*EXERCISE OBJECTIVE*.
What you give back should be exactly the lines from the one with "Photo 32 of" through the end of the data, without the pictures.

*MATERIALS PROVIDED*.
══════════
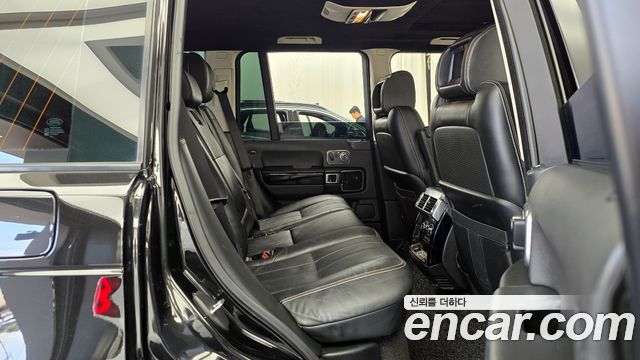 Land Rover Range Rover 2010 — photo 11
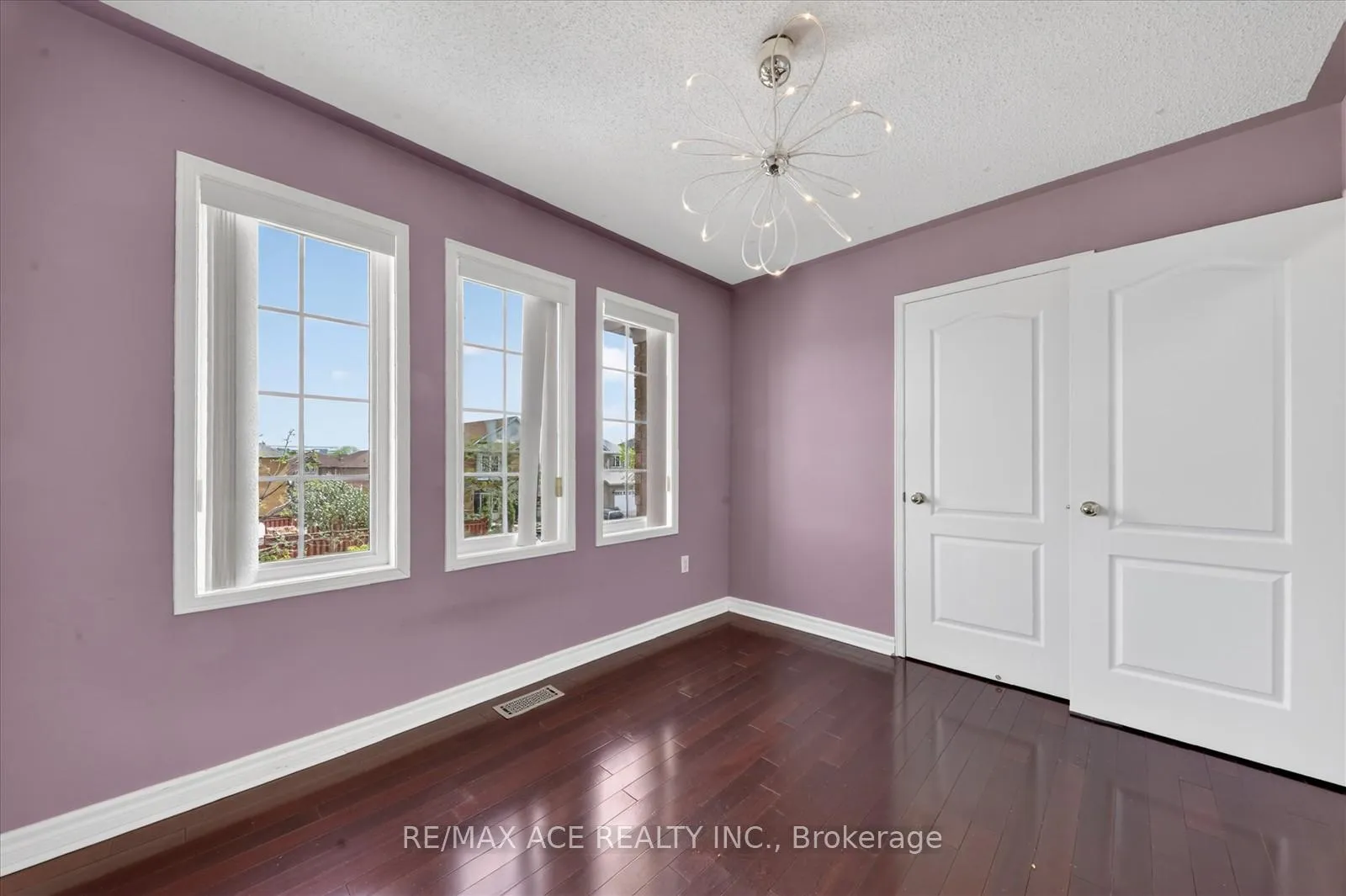 Photo 32 of 42 Feather Reed Way, Brampton, Sandringham-Wellington — HOMEH
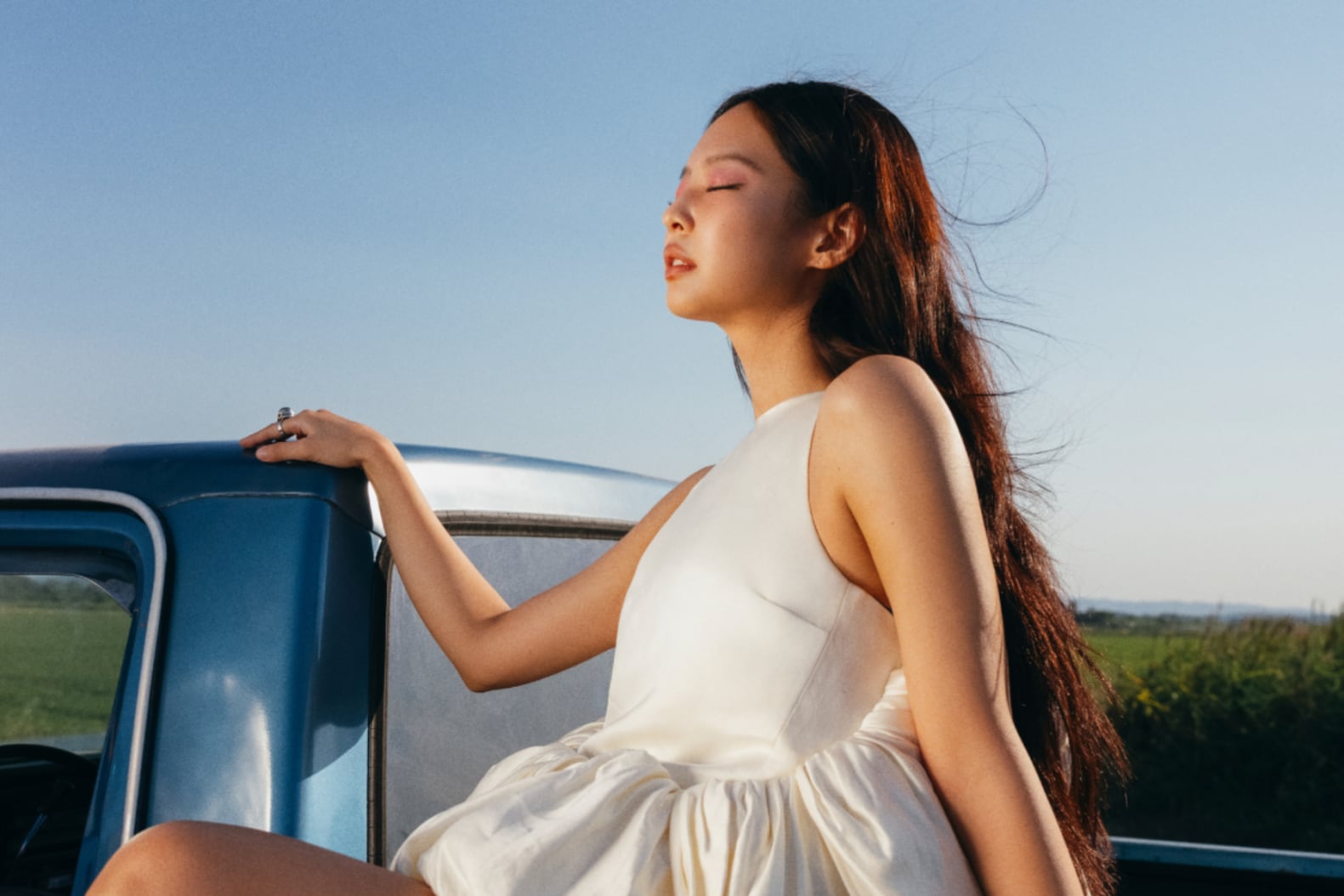 Jennie en 'Less than a Lover'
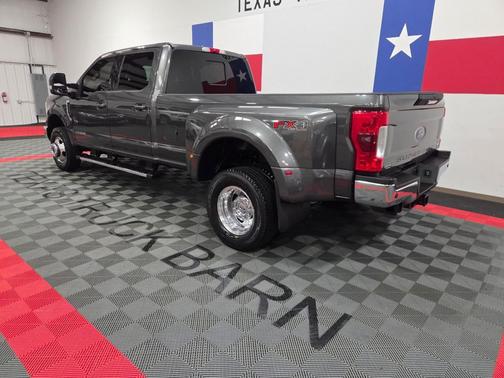 Magnetic Metallic 2018 Ford F-350 Lariat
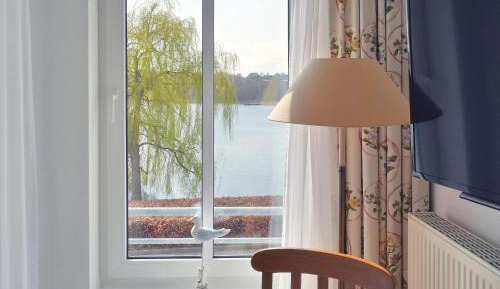 Apartment with Lake View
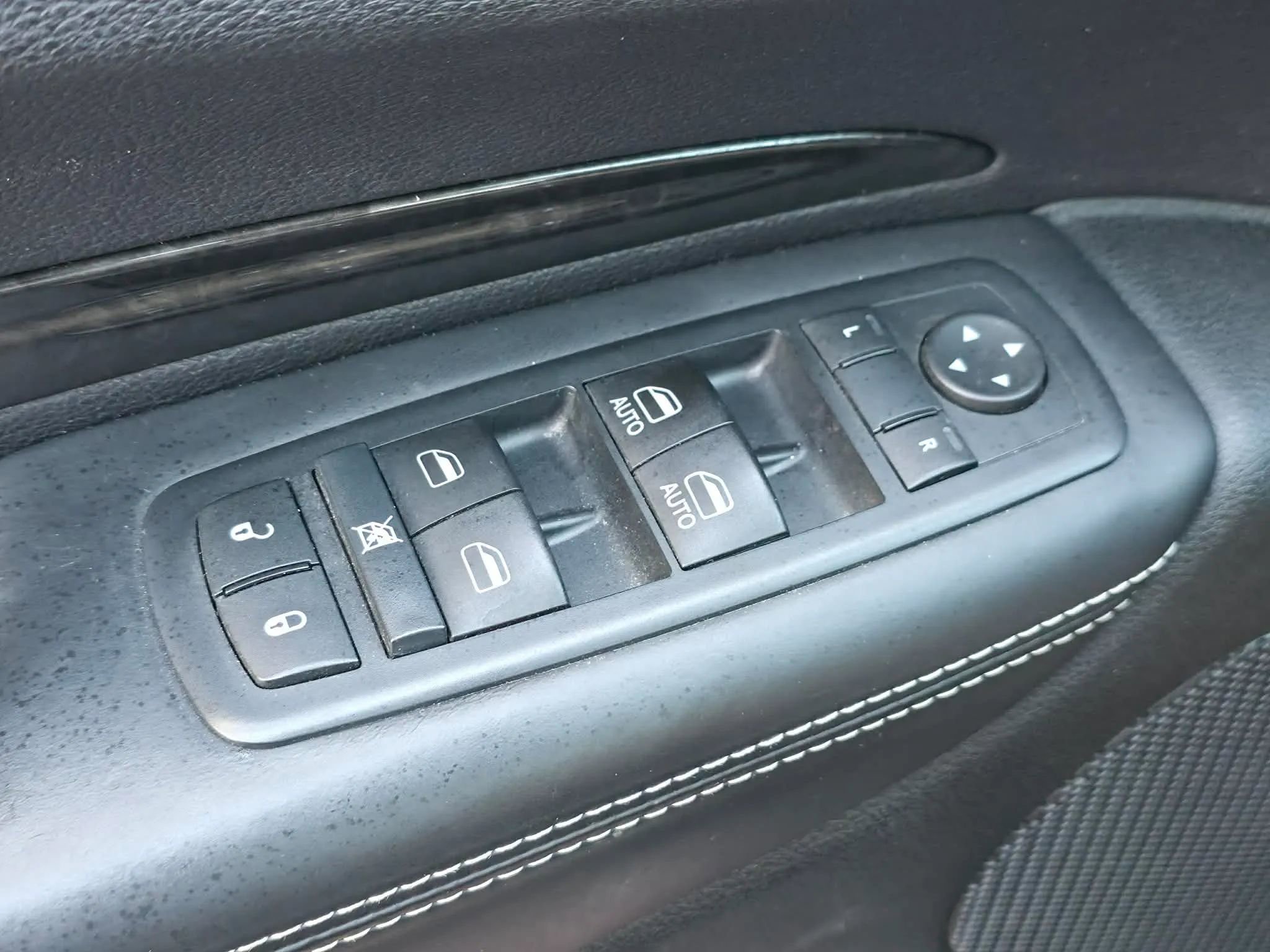 Used 2015 Dodge Durango Citadel RWD image 26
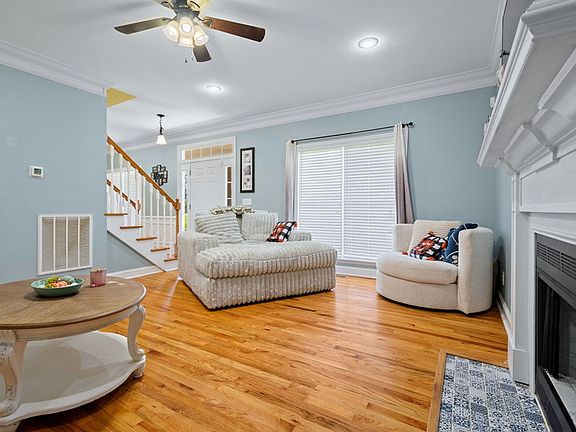 3rd image of 695 Winifred Rd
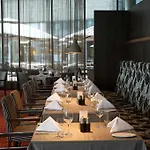 Radisson Blu Airport Hotel, Oslo 4* Garder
══════════
*EXERCISE RESULT*.
 Photo 32 of 42 Feather Reed Way, Brampton, Sandringham-Wellington — HOMEH
 Jennie en 'Less than a Lover'
 Magnetic Metallic 2018 Ford F-350 Lariat
 Apartment with Lake View
 Used 2015 Dodge Durango Citadel RWD image 26
 3rd image of 695 Winifred Rd
 Radisson Blu Airport Hotel, Oslo 4* Garder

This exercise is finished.